QUICK & EASY Thanksgiving Day Wooden Turkey Craft
My kids LOVE this little guy – and wouldn’t he look super cute at the centre of the table at Thanksgiving dinner? He’s also so easy for little hands to help create. Not to mention – he’s cheap!
Here’s what you’ll need to create your own DIY Thanksgiving Day Wooden Turkey.
- Wooden block (this one is about the height of my hand, for reference)
- Craft paint (brown, orange, red, yellow)
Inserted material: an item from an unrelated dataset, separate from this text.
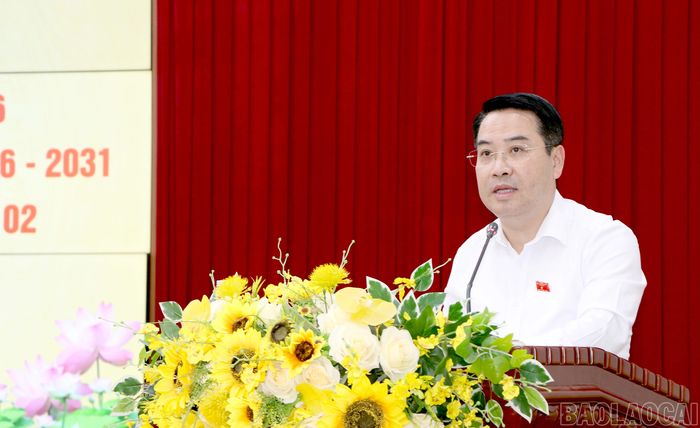 Đồng chí Nguyễn Tuấn Anh - Phó Bí thư Tỉnh ủy, Chủ tịch UBND tỉnh phát biểu tiếp thu, trao đổi với cử tri.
- Large craft sticks (you can buy these coloured, saving some time and supplies)
- Large googly eyes
- Felt (orange, yellow, red)
- Paint brush
- Glue or Glue Gun
I was able to find the supplies around the house, so this was a super economical craft for our family. But you could buy pretty much everything you need new and still spend less than $10 – and have enough materials to make a dozen or more turkeys!
- Paint wooden block brown.
- Paint large craft sticks in various colours (we did two yellow, two orange, and one red).
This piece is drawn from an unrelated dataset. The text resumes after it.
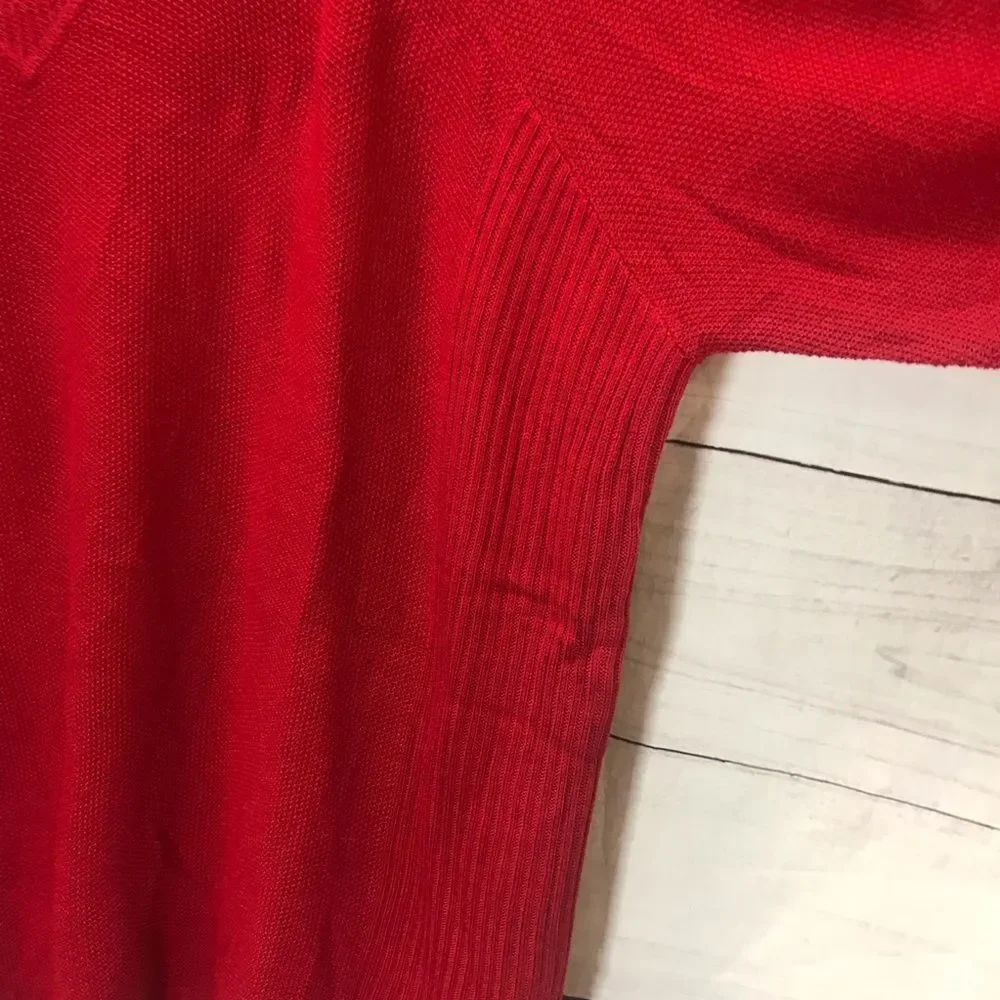 Avenue 3/4 Sleeve Hi-Lo Sweater| Red| Size 18/20 - Picture 8 of 9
- From the felt, cut a small yellow triangle for a beak, a red snood (did you know that’s what that thing is called?), and two orange feet. I just freehand these and think the lack of perfection is perfect, so don’t stress over it!
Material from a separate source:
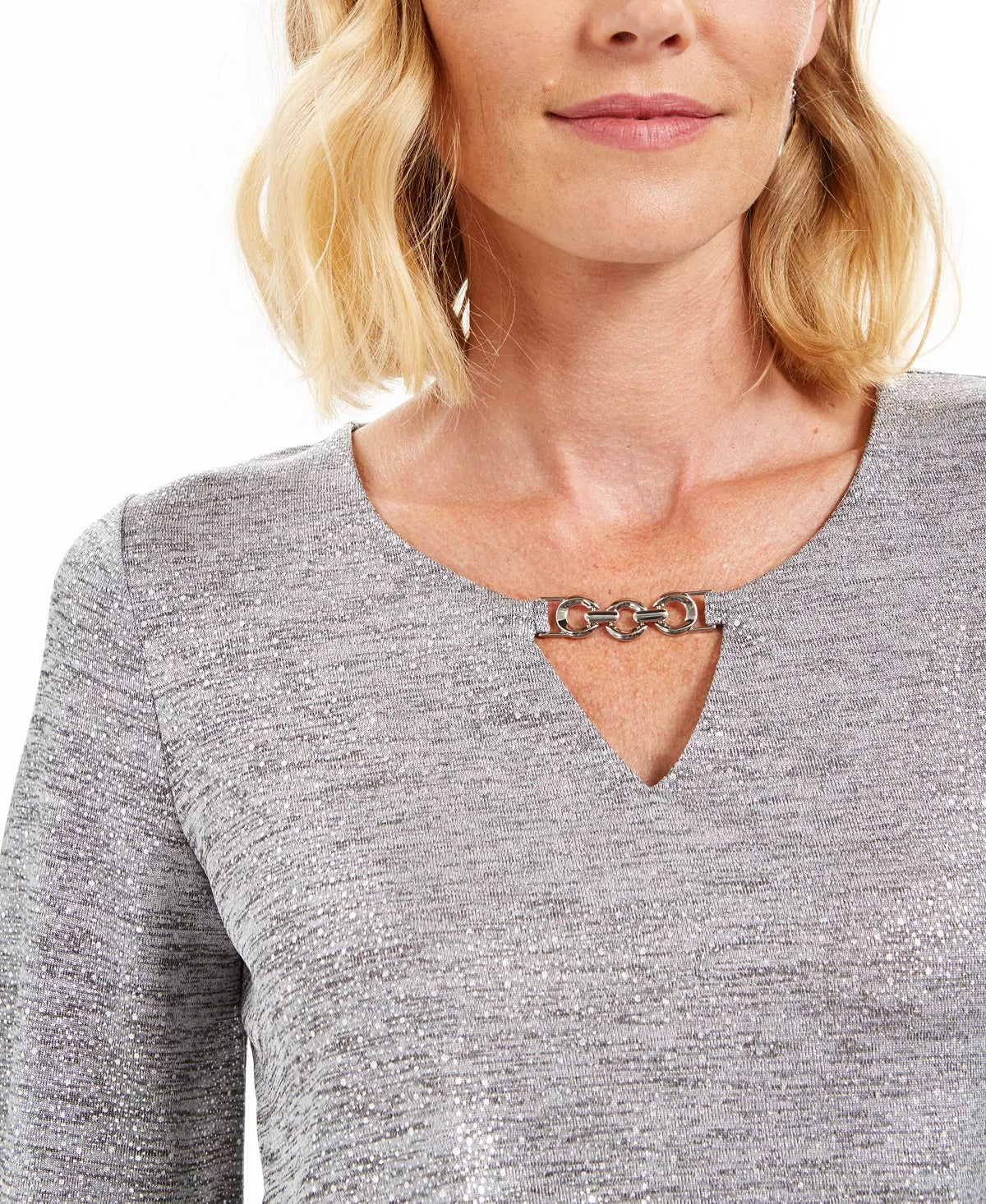 JM Collection Women's Twist Hem Keyhole Top Silver Size Small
- Use the glue gun (I’m sure some regular white glue could work, too, but I love the glue gun for staying power) to attach the feathers, the feet, the snood, beak, and eyes.
Here’s our finished Thanksgiving Day Wooden Turkey!
If you try it, be sure to share yours with us!
You could add a few neat elements to this basic craft, too, like writing out a person’s name across the ‘feathers’ so the turkey acts as a place holder. You could also have your family write things they are thankful for on the feathers before adding them to the turkey; wouldn’t that make a lovely centrepiece for Thanksgiving dinner?!
While we’re talking turkeys and being thankful, I need to give a shout out to two family favourite books: Todd Parr’s The Thankful Book and Allen Morgan’s Matthew and the Midnight Turkeys. All of Parr’s books are fantastic, sharing messages of inclusion with colourful drawings and simple language that my kids (and I!) love. Matthew is a holdover from my childhood; did you ever read it? Great fun and a wonderful way to spark a conversation with your kids about how they’d try to capture turkeys. Maybe you’ll even build a turkey trap next!